Lasting organization: Tracing alterations in ERP systems beyond the fantasy brochure
Participer
Accounting and Management Control
Intervenant : Claire Dambrin
ESCP Europe
HEC Campus - Build.T - Room T020
Abstract:
This paper highlights how technical devices last in organizations. We build on a ten-year, in-depth longitudinal case study examining a CRM package, a type of ERP system specialized in customer relationship management, in a door-drop advertising company. Instead of focusing on the usual implementation phases, we explore what happens to technical devices during quiet periods, when they make themselves invisible. Drawing on Latour’s conceptualization of technical objects as beings in tension subject to certain conditions of felicity (Latour, 2012), we highlight alterations in the CRM system to show how apparently stable devices keep on changing. We identify two dynamics of alteration: shedding of elements by the CRM system, signalling that it has moved beyond its fantasy brochure; and its accounting ramifications that enact lateral and cross-functional control, emphasizing how accounting can be regenerative. We construct “lasting” as a matter of both renunciation and regeneration and argue that regeneration is enacted when the capabilities of the technical device and the capabilities of its users meet.
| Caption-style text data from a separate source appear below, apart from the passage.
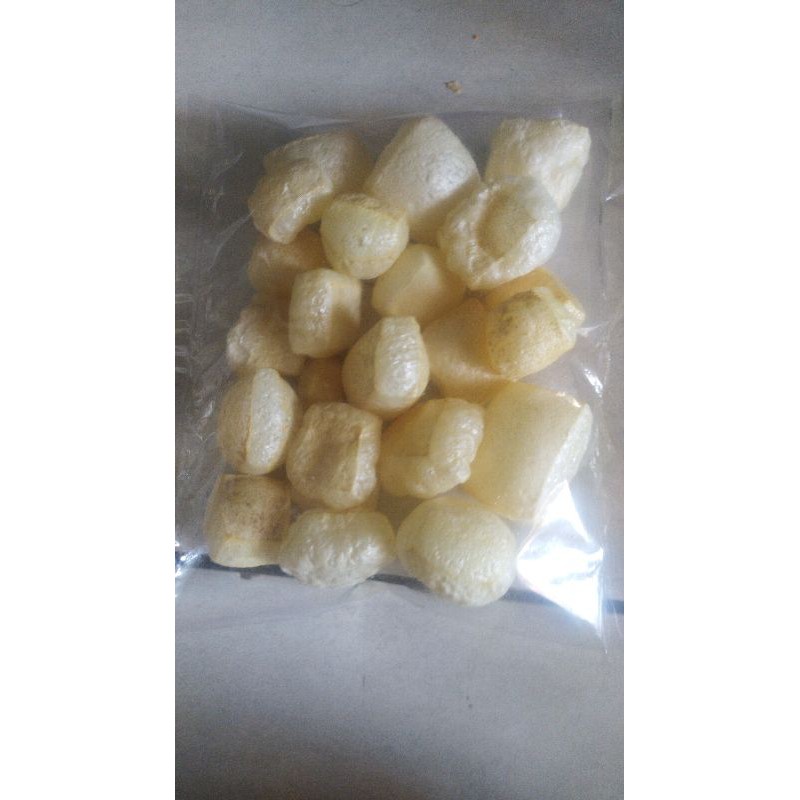 

Krupuk rambak sapi gurih 100gram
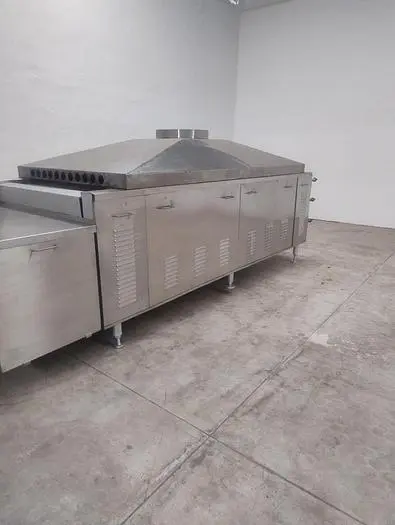 Used CASA HERRERA _UNKNOWN_ Food Production Lines Texas US | Bakery Machinery and Engineering #1770410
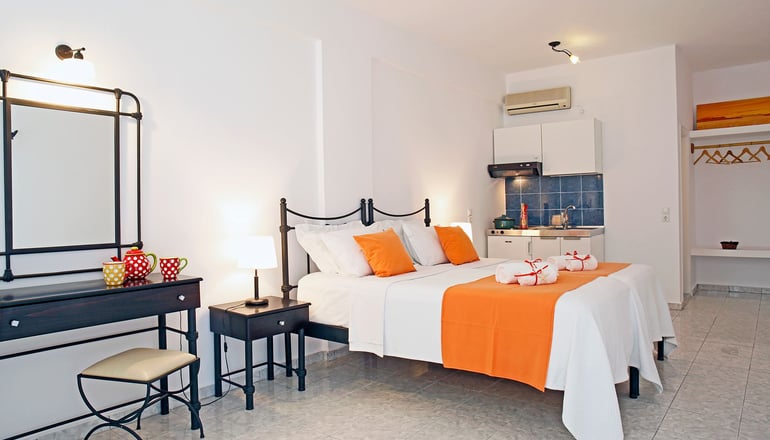 Agistri Apartments - Σκάλα, Αγκίστρι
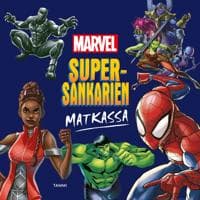 Marvel Supersankarien matkassa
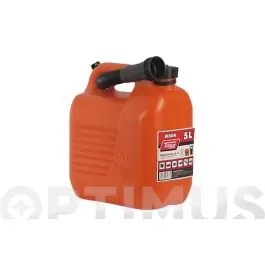 Bidon con canula para combustible 10 l tayg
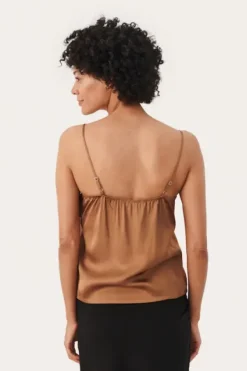 Part Two - Cybelle toppi, toasted coconut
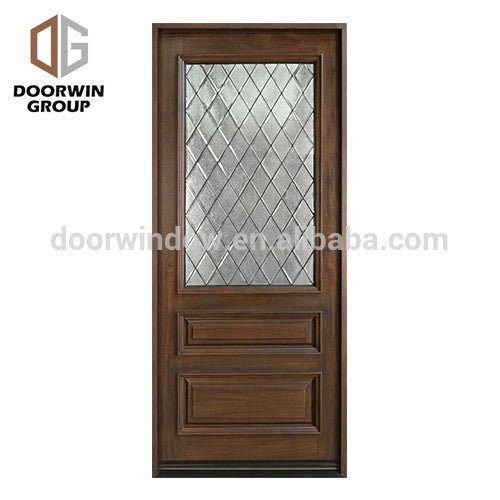 48 inches exterior doors front door designs solid wooden door for house by Doorwin — product image 5
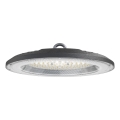LED Průmyslové technické svítidlo HIGHBAY LED/200W/230V 4500K IP65 šedá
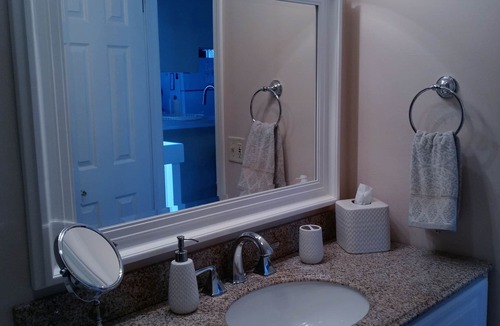 Beach Haven West House | Waterfront Getaway mins to LBI with amazing view to AC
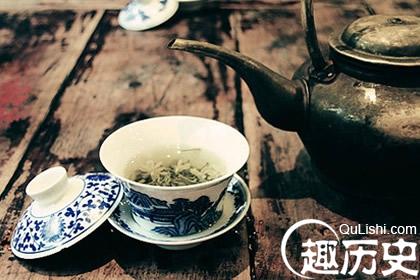东乡族饮食 东乡族的盖碗茶有什么特色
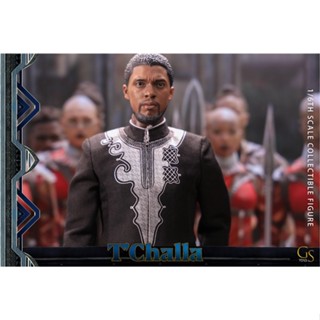 G GSTOYS 1/6 Vacanda Panther King เครื่องแต่งกายทหาร สําหรับผู้ชาย พร้อมส่ง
These results contribute to the accounting literature on the ontology of change by providing information as to how “drift” dynamics are enacted (Quattrone & Hopper, 2001; 2006). We also aim to contribute to the sociology of translation, through adoption of a less dualistic perspective on the “conditions of felicity” of technological beings, moving from usefulness/uselessness dichotomies to involve possibilities of latency.